What you should do>
Go through the listing below and repeat it exactly, dropping the pictures.

Input for this task>
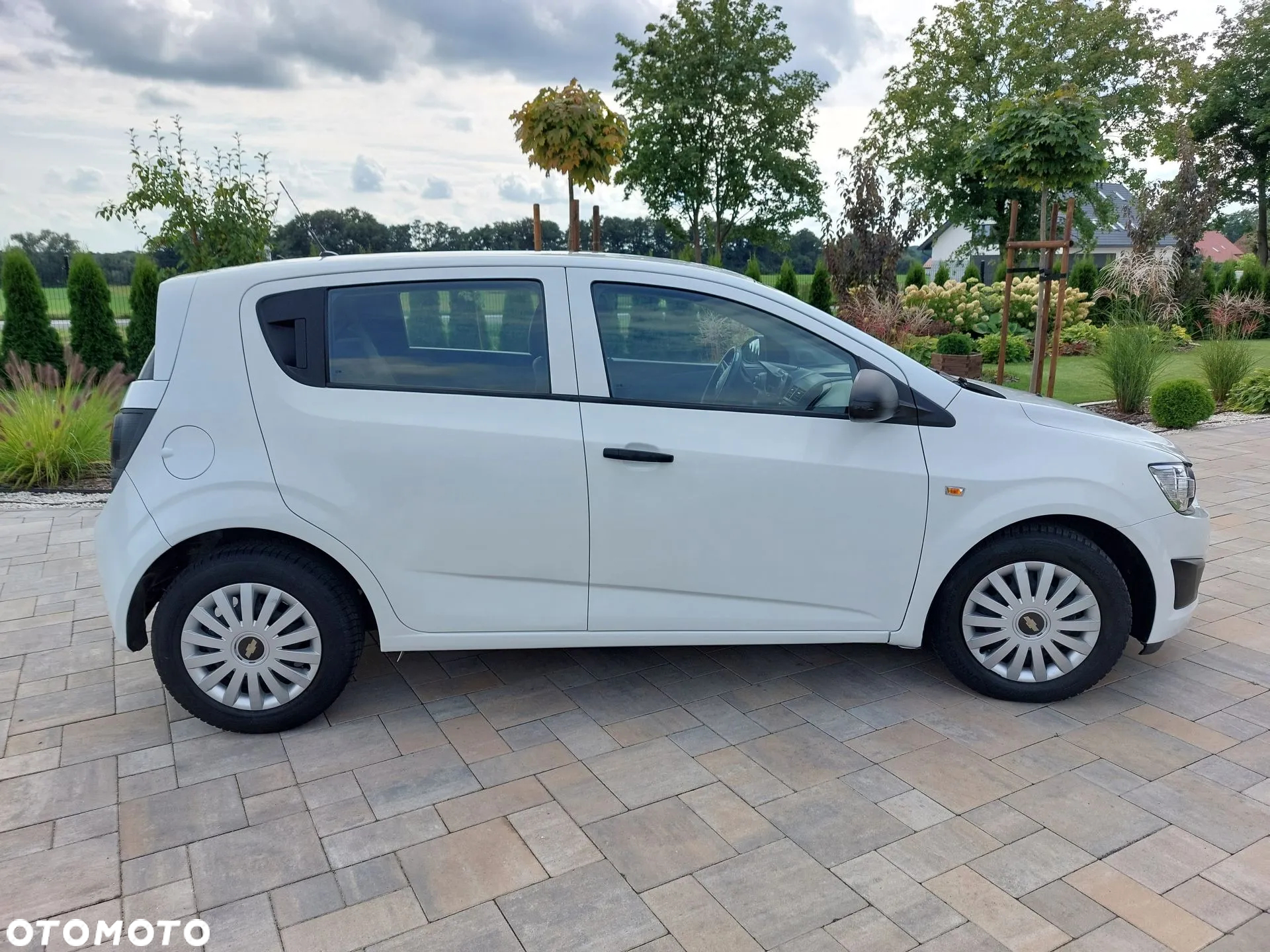 Chevrolet Aveo 1.2 LS - 21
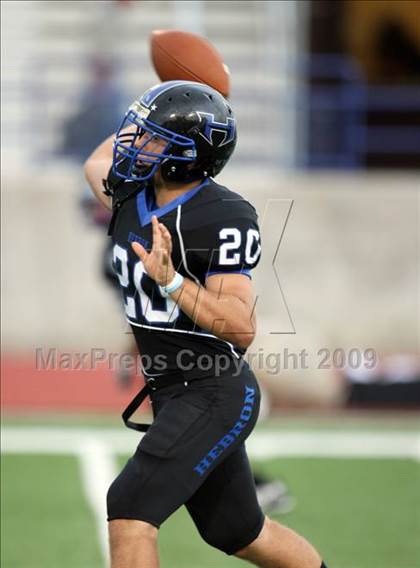 Thumbnail 1 in Dallas Jesuit @ Hebron photogallery.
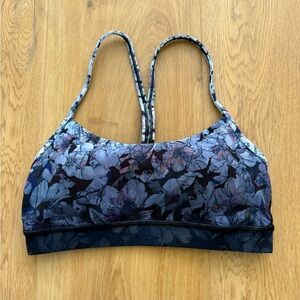 Lululemon Flow Y Bra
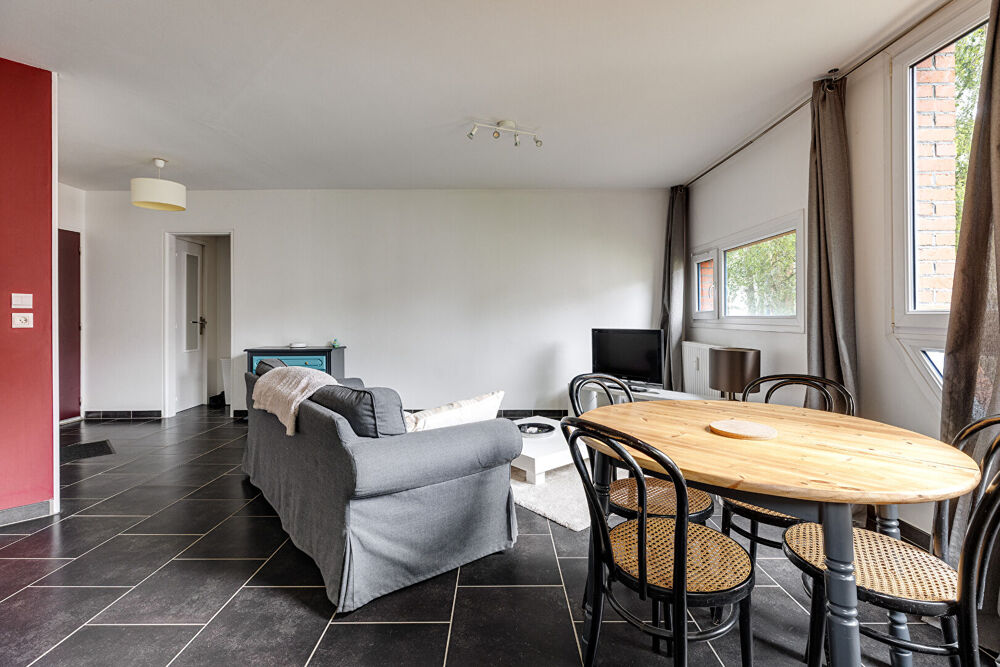 Vente Appartement Appartement Villeneuve D Ascq 2 pièce(s) Villeneuve d ascq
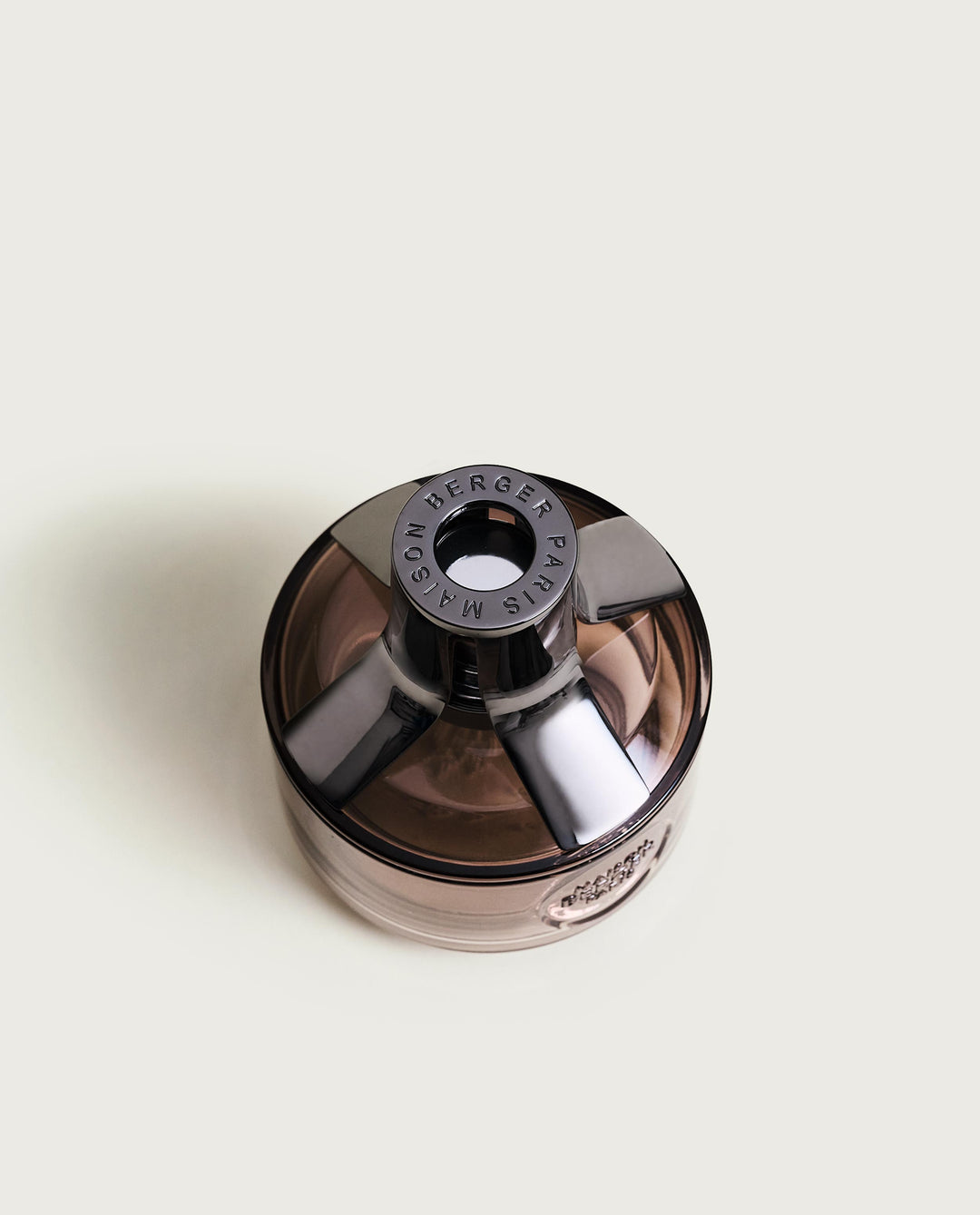 Lampe Identity Marron Rosa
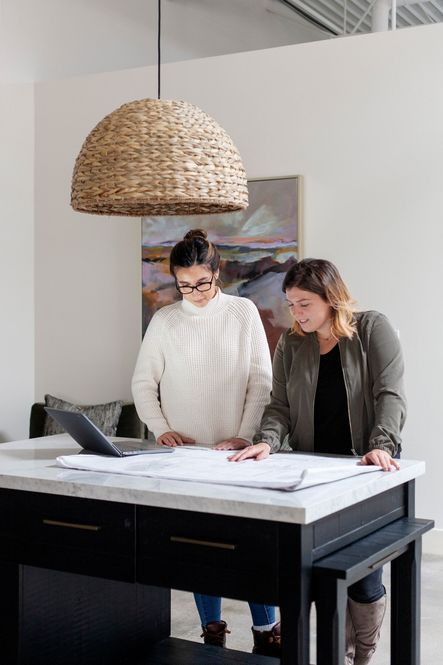 A Place to Call Home | Scout & Nimble Office Reveal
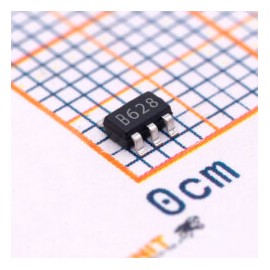 SX1308 Convertidor Boost Step Up 28V 2V~24V SOT-23-6 DC-DC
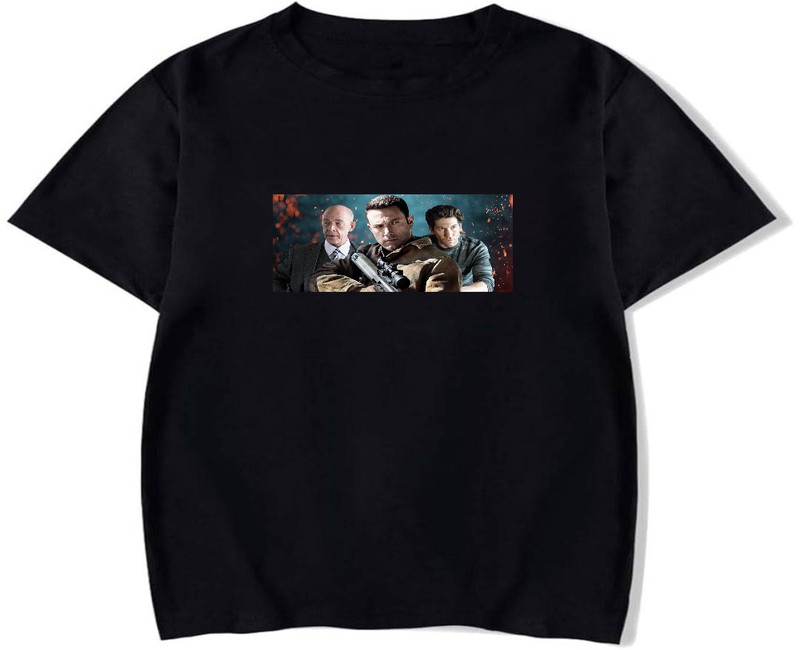 The Accountant Official Merch: Elevate Your Style and Support Your Favorite Movie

Answer to this task>
 Chevrolet Aveo 1.2 LS - 21
 Thumbnail 1 in Dallas Jesuit @ Hebron photogallery.
 Lululemon Flow Y Bra
 Vente Appartement Appartement Villeneuve D Ascq 2 pièce(s) Villeneuve d ascq
 Lampe Identity Marron Rosa
 A Place to Call Home | Scout & Nimble Office Reveal
 SX1308 Convertidor Boost Step Up 28V 2V~24V SOT-23-6 DC-DC
 The Accountant Official Merch: Elevate Your Style and Support Your Favorite Movie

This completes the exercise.